The joint probability distribution model is given by

$$ p\left(\Omega, \boldsymbol{\upalpha}, \mathbf{h},\mathbf{P}\right)=p\left(\Omega \right)p\left(\boldsymbol{\upalpha} |\Omega \right)p\left(\mathbf{h}|\Omega \right)p\left(\mathbf{P}|\boldsymbol{\upalpha}, \mathbf{h},\Omega \right) $$
(2)

where p(Ω) is the prior distribution of the model parameters, p(α| Ω) is a priori distribution of the sparse coefficient, p(h| Ω) is the prior distribution of the point spread function, and p(P| α, h, Ω) is the prior distribution of the noisy projection.
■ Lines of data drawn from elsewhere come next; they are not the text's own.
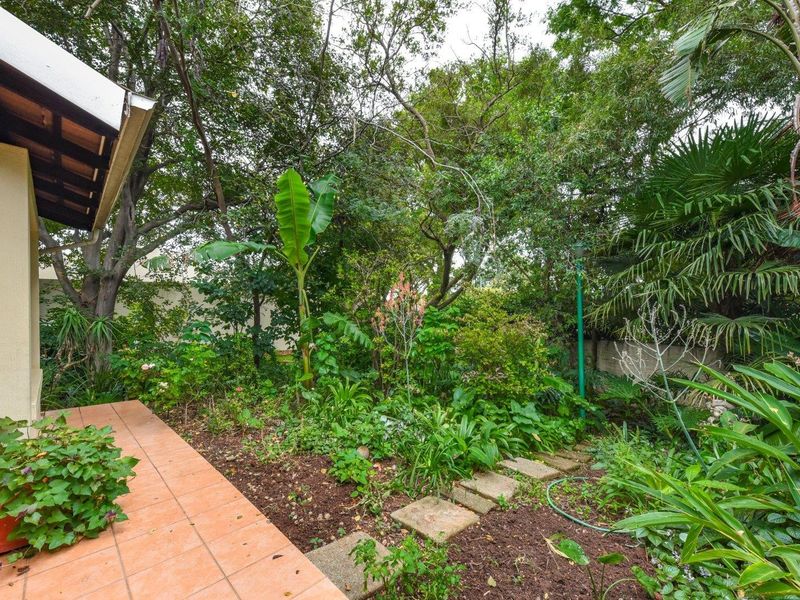 Apartment For Sale in Magaliessig, Sandton - Photo 3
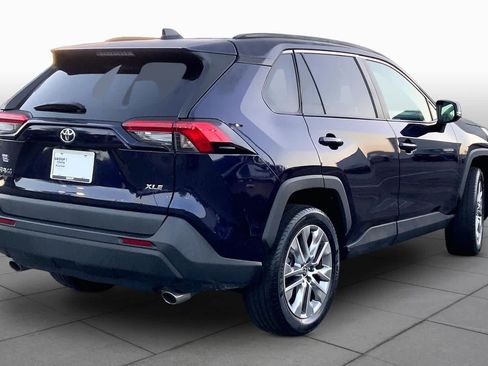 Used 2022 Toyota RAV4 XLE Premium FWD image 11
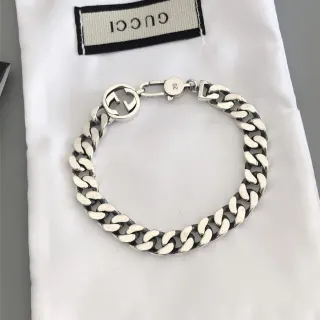 Gucci Interlocking G Curb-Link Silver-Tone Pulsera
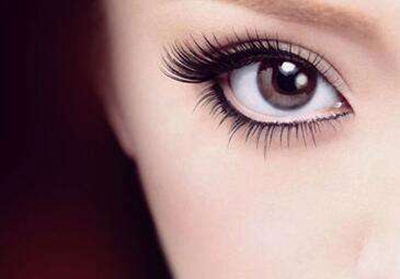 成都藝星醫(yī)療美容醫(yī)院雙眼皮修復(fù)效果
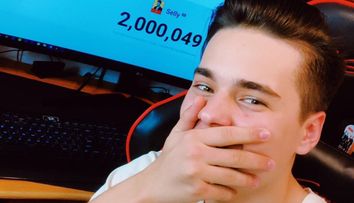 Selly, vloggerul momentului în România. Ce a răspuns la întrebarea Cât de bogat vrei să fii?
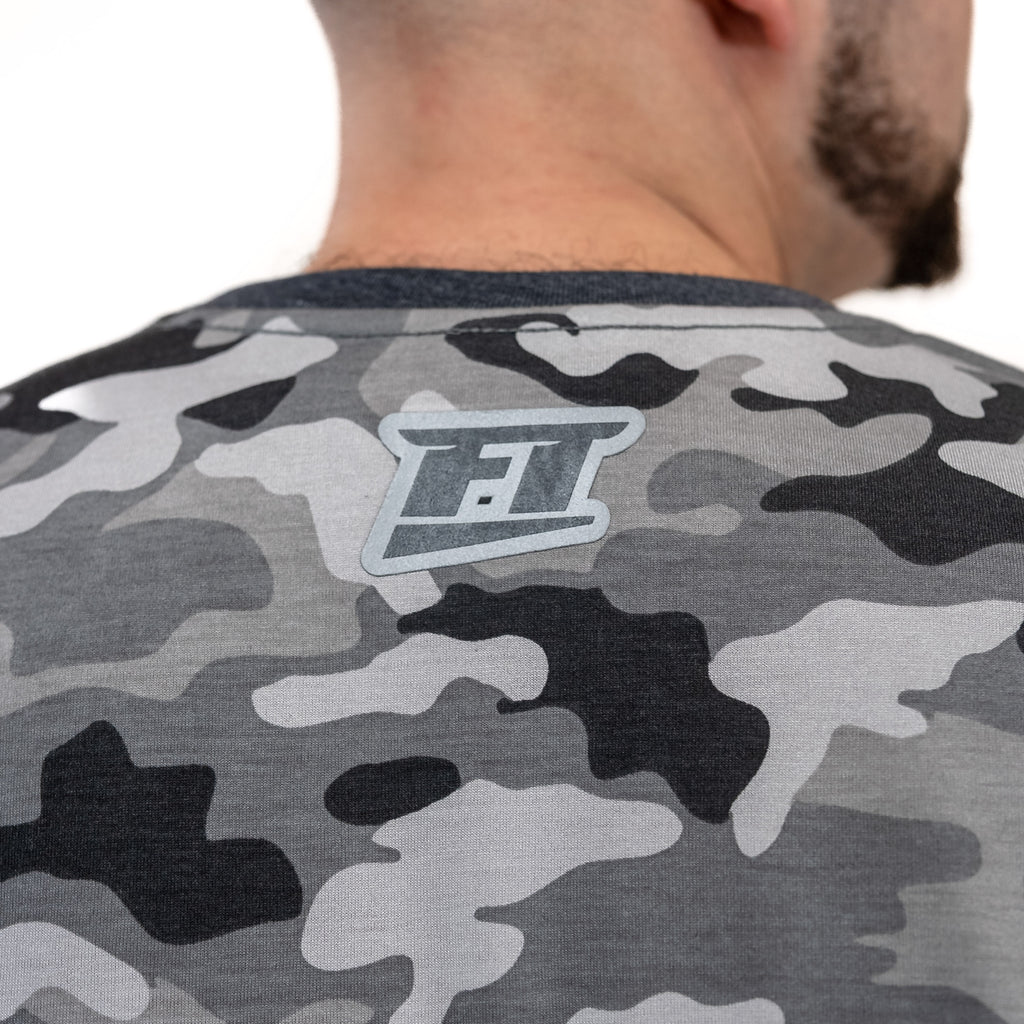 Camiseta Camuflada FT - detalhe logo FT costas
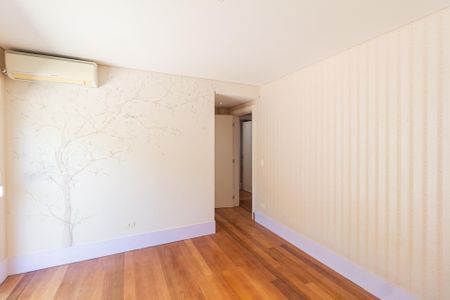 Casa de condomínio para alugar com 494m², 4 quartos e 5 vagasSuíte 3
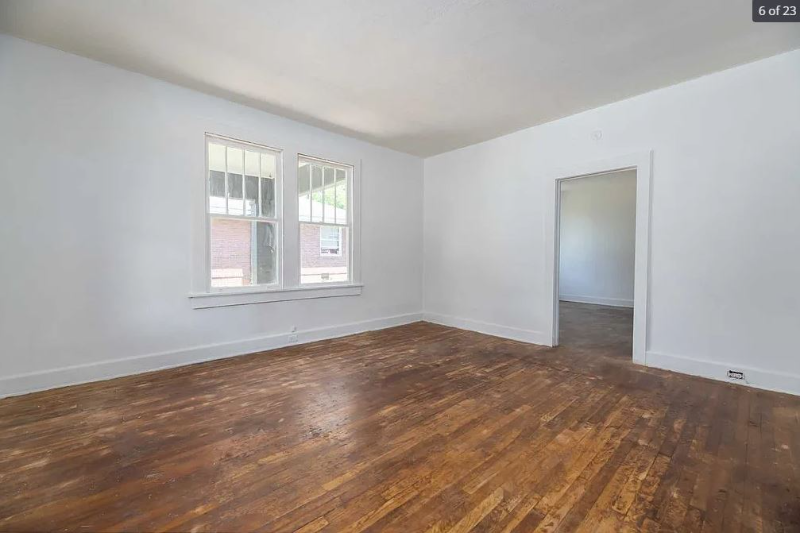 3404 13th Ave #B - Photo 5 of 9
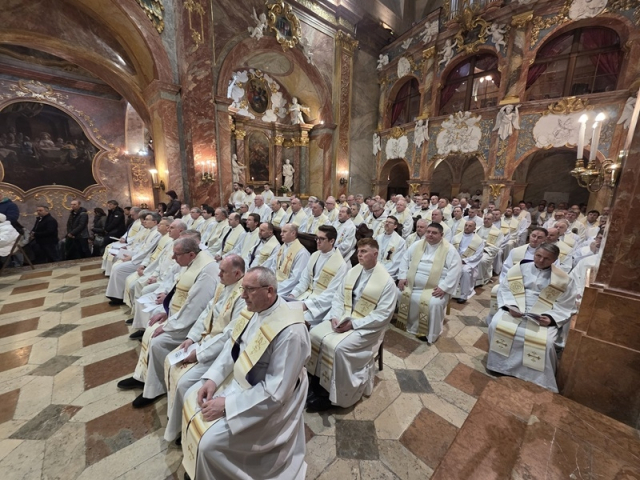 Biskup Viliam na Zelený štvrtok v Nitre kňazov povzbudil, aby sa v službe a živote opierali o Ježiša Krista
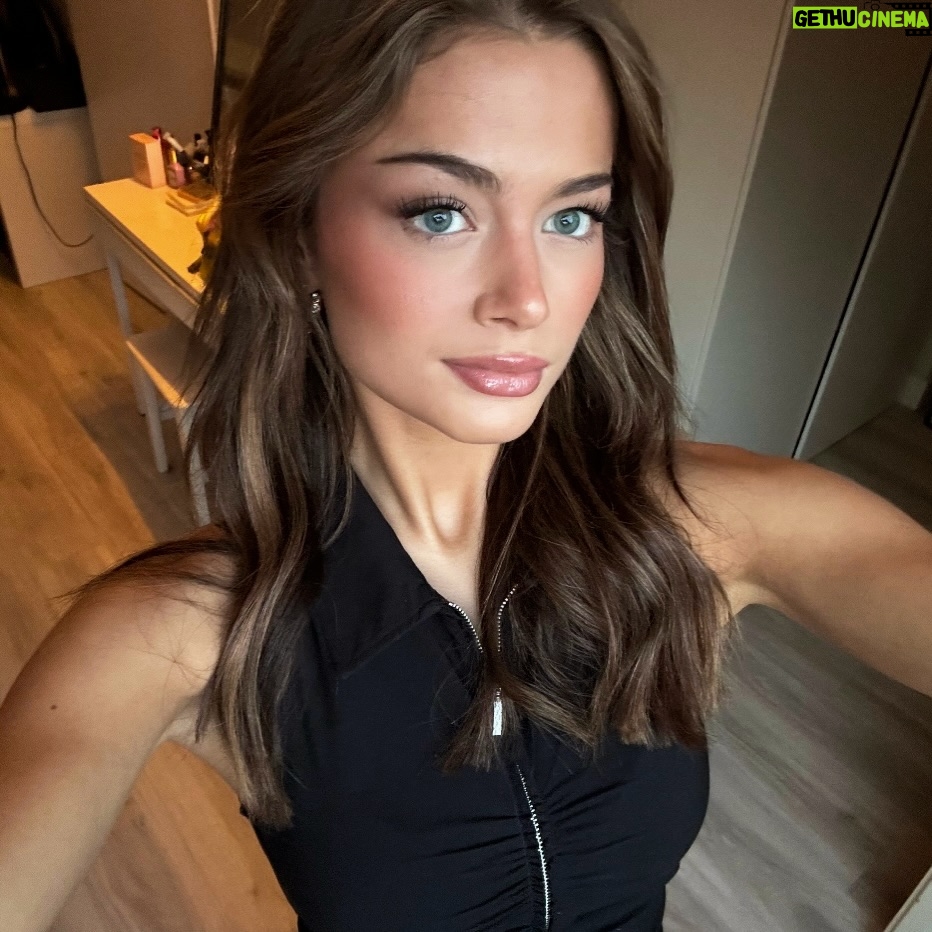 Stefania Liberakakis - 7.2K Likes - Tis weer tijd voor een selfie 🙊❤️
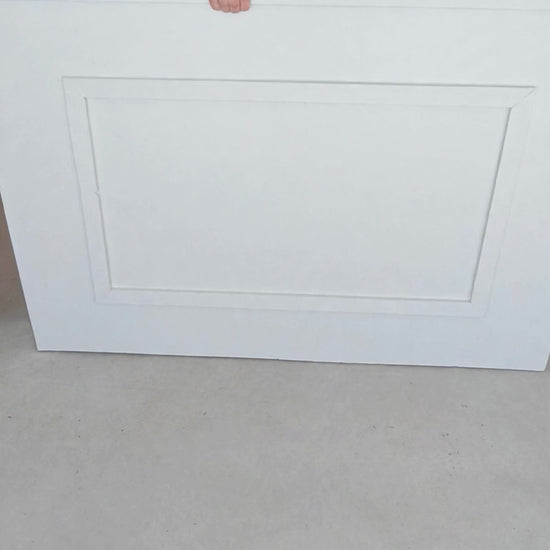 Watch the portable bar break down flat, piece by piece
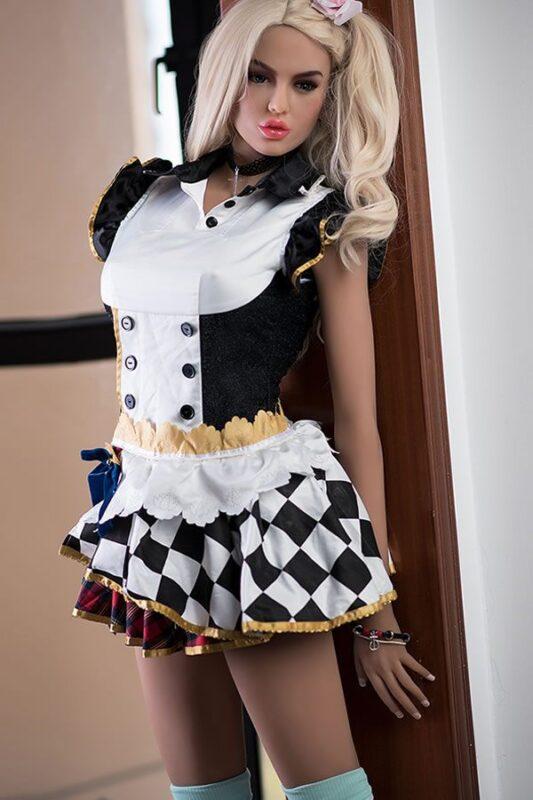 Roxana - Bambola Sessuale Con Seni Giganteschi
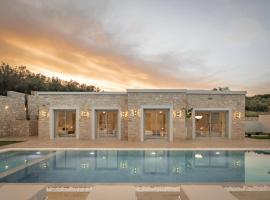 Ayali Villa I, a divine luxury homestay, By ThinkVilla, viešbutis mieste Achlades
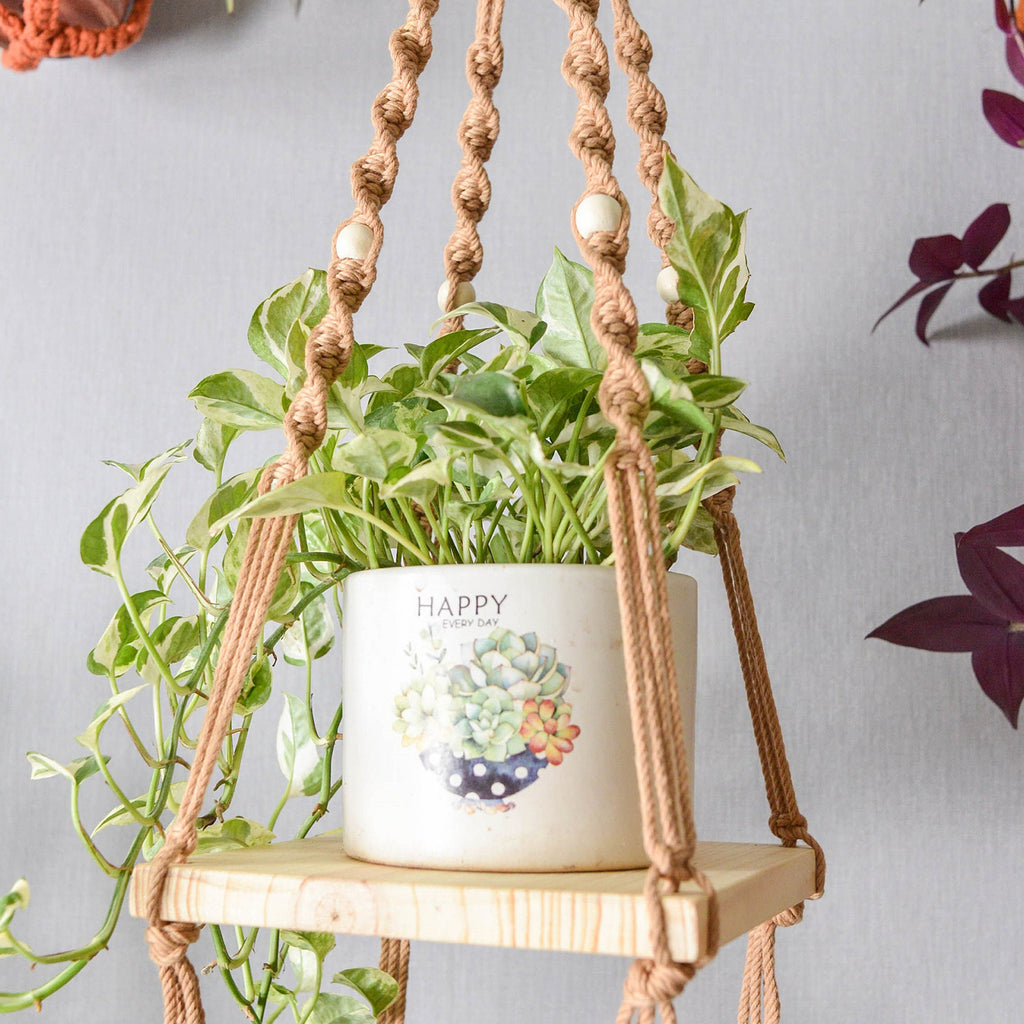 Macrame Planter in Square Shape - close-up detail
The prior models of the noisy projection, the unknown sparse coefficients, and the point spread function are related to the unknown model parameters (Ω). The unknown model parameters are defined by hyper parameters, and the hierarchical Bayesian method is adopted to estimate parameters. Based on the noisy projection (P), the posterior distribution (p(α, h, Ω| P)) of unknown parameters is estimated by the variational Bayesian method. To accurately estimate the posterior distribution (p(α, h, Ω| P)), the paper assumes that the approximate distribution has a closed form solution. All of parameters (α, h, and Ω) are mutually independent.

On the basis of the maximum a posteriori estimation theory, the model parameters are obtained

$$ \widehat{\Omega}=\arg \underset{\Omega}{\max }p\left(\Omega |\mathbf{P}\right)=\underset{\boldsymbol{\upalpha}}{\int}\underset{\mathbf{h}}{\int }p\left(\Omega, \boldsymbol{\upalpha}, \mathbf{h},\mathbf{P}\right)d\boldsymbol{\upalpha} d\mathbf{h} $$
(3)

Then, \( \widehat{\boldsymbol{\upalpha}} \) and \( \widehat{\mathbf{h}} \) are estimated by maximizing the posterior distribution of the model parameters (Ω) and the noisy projection. That is

$$ \widehat{\boldsymbol{\upalpha}},\widehat{\mathbf{h}}=\arg \underset{\boldsymbol{\upalpha}, \mathbf{h}}{\max }p\left(\boldsymbol{\upalpha}, \mathbf{h}|\widehat{\Omega},\mathbf{P}\right) $$
(4)

2.2 Shear wave transform

The theoretical basis of the shear wave transform is the synthetic wavelet theory. Furthermore, the shear wave transform has shown better results than the traditional wavelet because of its characteristics. These characteristics include multi-scale, multi-directional, and multi-precision. The matrix ψ represents a set of basis function, which is obtained by scaling, translation, and rotation transformation of function ψ. Then, the image f can be represented by the sparse shear wave. The optimization problem can be described as follows:

$$ \underset{\boldsymbol{\upalpha}}{\min }{\left\Vert \boldsymbol{\upalpha} \right\Vert}_0\kern0.5em s.t.\kern0.5em \mathbf{f}=\boldsymbol{\uppsi} \boldsymbol{\upalpha} $$
(5)

where α is a sparse shear wave coefficient matrix, in which only a small amount of nonzero elements exists.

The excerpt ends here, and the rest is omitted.